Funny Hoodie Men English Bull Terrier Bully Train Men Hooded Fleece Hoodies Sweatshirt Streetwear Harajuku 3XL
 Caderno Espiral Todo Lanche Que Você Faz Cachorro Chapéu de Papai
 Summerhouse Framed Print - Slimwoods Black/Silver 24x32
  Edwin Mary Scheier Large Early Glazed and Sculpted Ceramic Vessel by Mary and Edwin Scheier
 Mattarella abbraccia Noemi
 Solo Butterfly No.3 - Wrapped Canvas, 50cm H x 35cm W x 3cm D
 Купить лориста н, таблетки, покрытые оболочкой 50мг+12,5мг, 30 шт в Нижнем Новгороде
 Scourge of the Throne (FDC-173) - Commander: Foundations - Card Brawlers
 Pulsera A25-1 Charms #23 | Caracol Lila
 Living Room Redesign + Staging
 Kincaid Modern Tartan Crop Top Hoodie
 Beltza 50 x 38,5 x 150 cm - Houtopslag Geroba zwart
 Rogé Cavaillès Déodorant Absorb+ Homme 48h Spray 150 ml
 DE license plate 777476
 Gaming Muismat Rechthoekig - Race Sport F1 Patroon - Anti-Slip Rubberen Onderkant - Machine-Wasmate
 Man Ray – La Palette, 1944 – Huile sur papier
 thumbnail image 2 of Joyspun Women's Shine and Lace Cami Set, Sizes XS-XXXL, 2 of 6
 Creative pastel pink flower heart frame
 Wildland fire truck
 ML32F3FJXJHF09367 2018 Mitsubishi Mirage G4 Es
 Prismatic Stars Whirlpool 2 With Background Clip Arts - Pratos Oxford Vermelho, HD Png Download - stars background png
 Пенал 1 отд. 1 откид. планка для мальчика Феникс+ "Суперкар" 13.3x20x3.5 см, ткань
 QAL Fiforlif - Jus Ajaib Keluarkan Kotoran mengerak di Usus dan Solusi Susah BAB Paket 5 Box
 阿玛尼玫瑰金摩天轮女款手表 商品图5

----

* [What the task asks] Write out all the entries once more, exactly.

* [Output for this task]
Funny Hoodie Men English Bull Terrier Bully Train Men Hooded Fleece Hoodies Sweatshirt Streetwear Harajuku 3XL
 Caderno Espiral Todo Lanche Que Você Faz Cachorro Chapéu de Papai
 Summerhouse Framed Print - Slimwoods Black/Silver 24x32
  Edwin Mary Scheier Large Early Glazed and Sculpted Ceramic Vessel by Mary and Edwin Scheier
 Mattarella abbraccia Noemi
 Solo Butterfly No.3 - Wrapped Canvas, 50cm H x 35cm W x 3cm D
 Купить лориста н, таблетки, покрытые оболочкой 50мг+12,5мг, 30 шт в Нижнем Новгороде
 Scourge of the Throne (FDC-173) - Commander: Foundations - Card Brawlers
 Pulsera A25-1 Charms #23 | Caracol Lila
 Living Room Redesign + Staging
 Kincaid Modern Tartan Crop Top Hoodie
 Beltza 50 x 38,5 x 150 cm - Houtopslag Geroba zwart
 Rogé Cavaillès Déodorant Absorb+ Homme 48h Spray 150 ml
 DE license plate 777476
 Gaming Muismat Rechthoekig - Race Sport F1 Patroon - Anti-Slip Rubberen Onderkant - Machine-Wasmate
 Man Ray – La Palette, 1944 – Huile sur papier
 thumbnail image 2 of Joyspun Women's Shine and Lace Cami Set, Sizes XS-XXXL, 2 of 6
 Creative pastel pink flower heart frame
 Wildland fire truck
 ML32F3FJXJHF09367 2018 Mitsubishi Mirage G4 Es
 Prismatic Stars Whirlpool 2 With Background Clip Arts - Pratos Oxford Vermelho, HD Png Download - stars background png
 Пенал 1 отд. 1 откид. планка для мальчика Феникс+ "Суперкар" 13.3x20x3.5 см, ткань
 QAL Fiforlif - Jus Ajaib Keluarkan Kotoran mengerak di Usus dan Solusi Susah BAB Paket 5 Box
 阿玛尼玫瑰金摩天轮女款手表 商品图5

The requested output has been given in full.